Provided data:
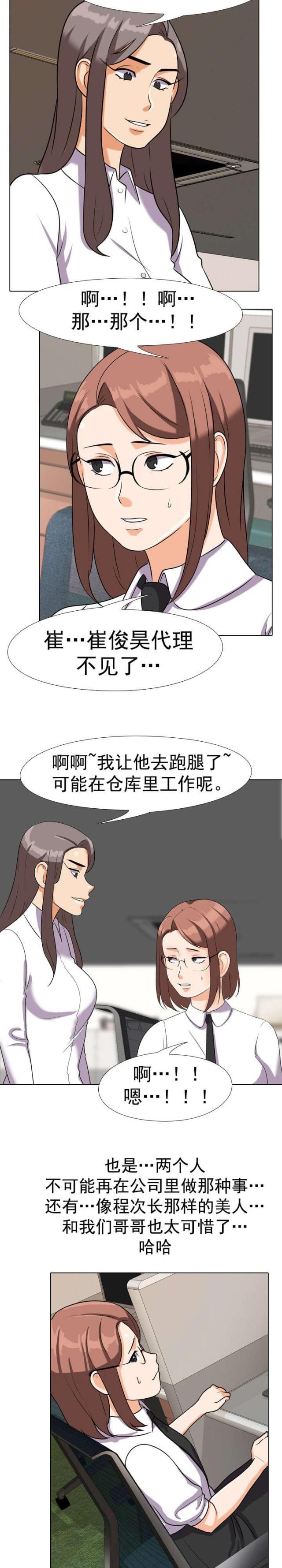 《交易社团》漫画最新章节第60话免费下拉式在线观看章节第【7】张图片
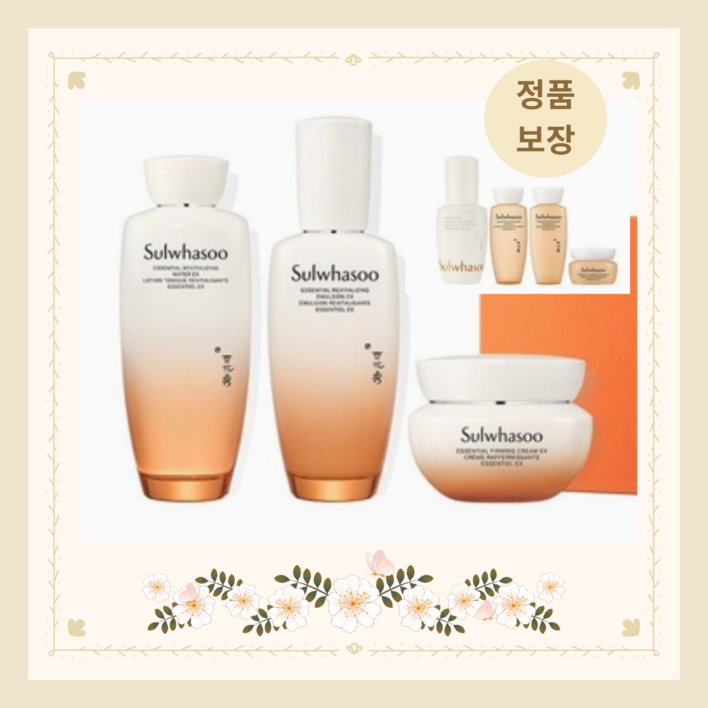( 당일 출고 ) 설화수 탄력 3종 선물 세트  + 쇼핑백 증정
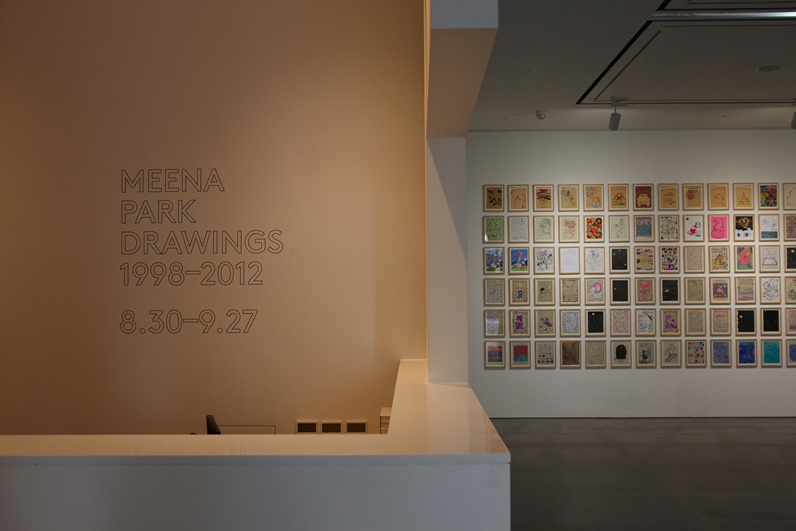 Drawings 1998-2012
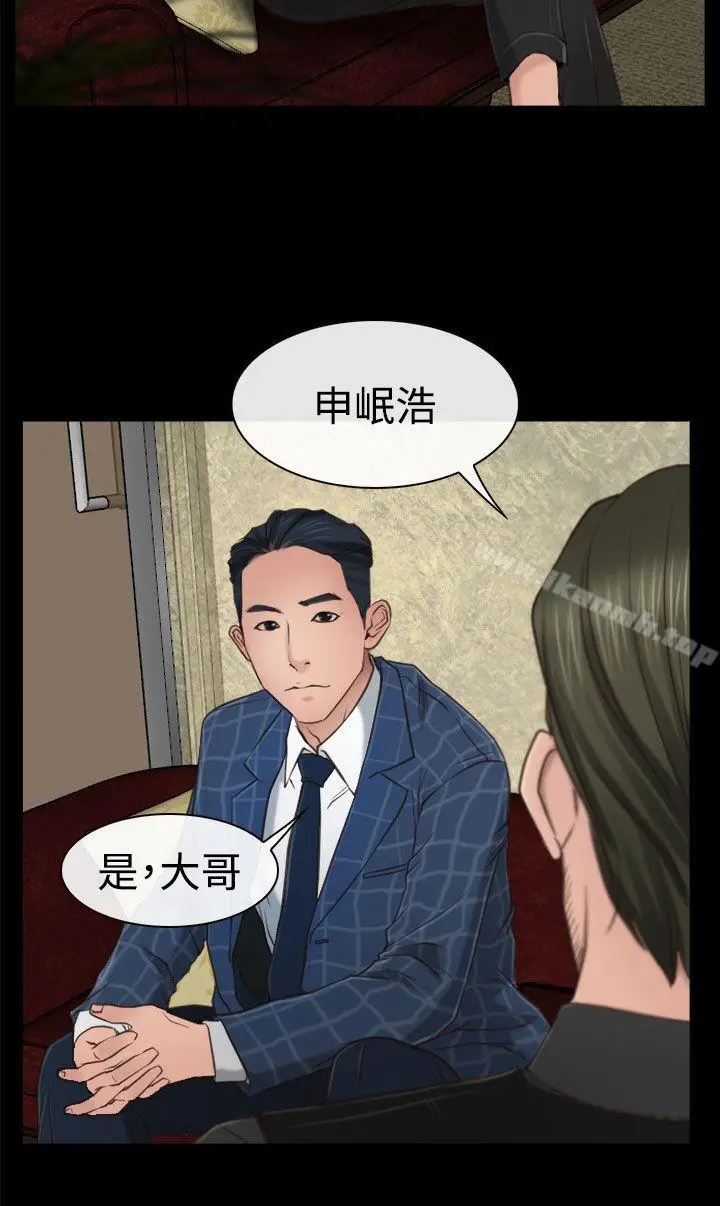 漫画《猜不透的心》第10话第8张图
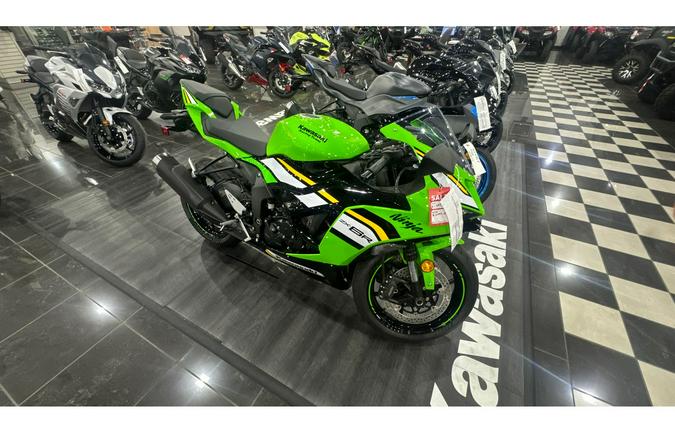 2025 Ninja® ZX™-6R KRT Edition - Kawasaki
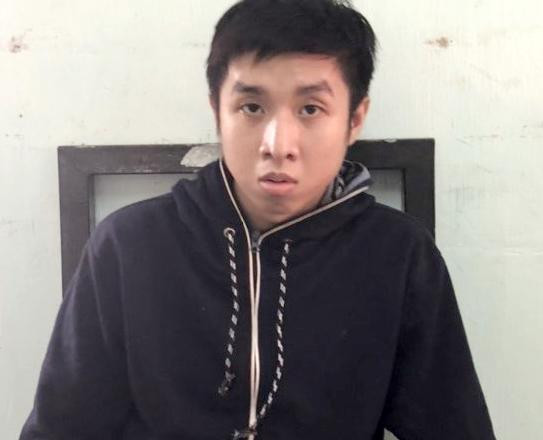 Đối tượng Phạm Thanh Long.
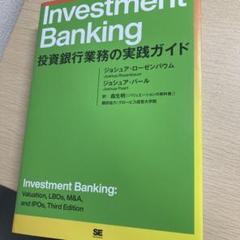 2025年最新】Investment Banking 投資銀行業務の実践ガイドの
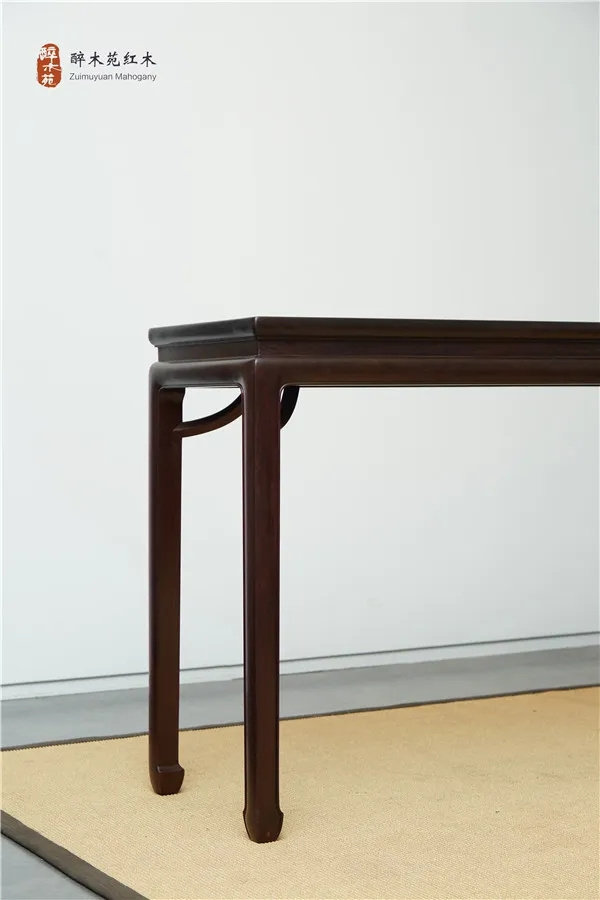 醉木苑紅木 醉木苑紅木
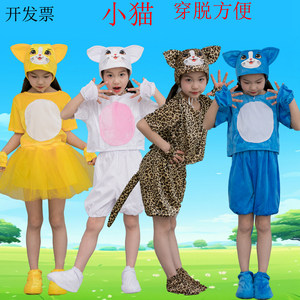 
Children's Day Performance Costumes Animal Costumes Kitten Cartoon Costumes Performance Costumes Little Cat Kindergarten Parent-child Costumes Black Cat Costumes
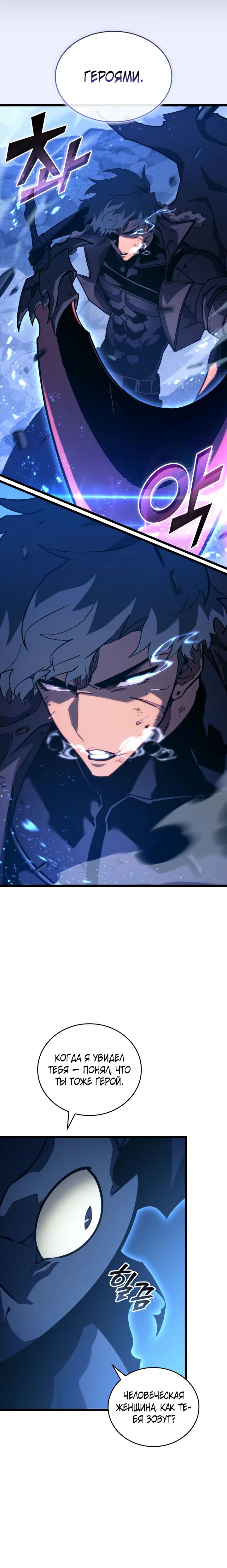 Манга Возвращение ранкера SSS-ранга - Глава 158 Страница 27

What this task involves: Beginning with the line that bears "Đối tượng Phạm Thanh Long.", output each line through the last line of the listing exactly, and no others; skip the pictures.

Solution:
 Đối tượng Phạm Thanh Long.
 2025年最新】Investment Banking 投資銀行業務の実践ガイドの
 醉木苑紅木 醉木苑紅木
Children's Day Performance Costumes Animal Costumes Kitten Cartoon Costumes Performance Costumes Little Cat Kindergarten Parent-child Costumes Black Cat Costumes
 Манга Возвращение ранкера SSS-ранга - Глава 158 Страница 27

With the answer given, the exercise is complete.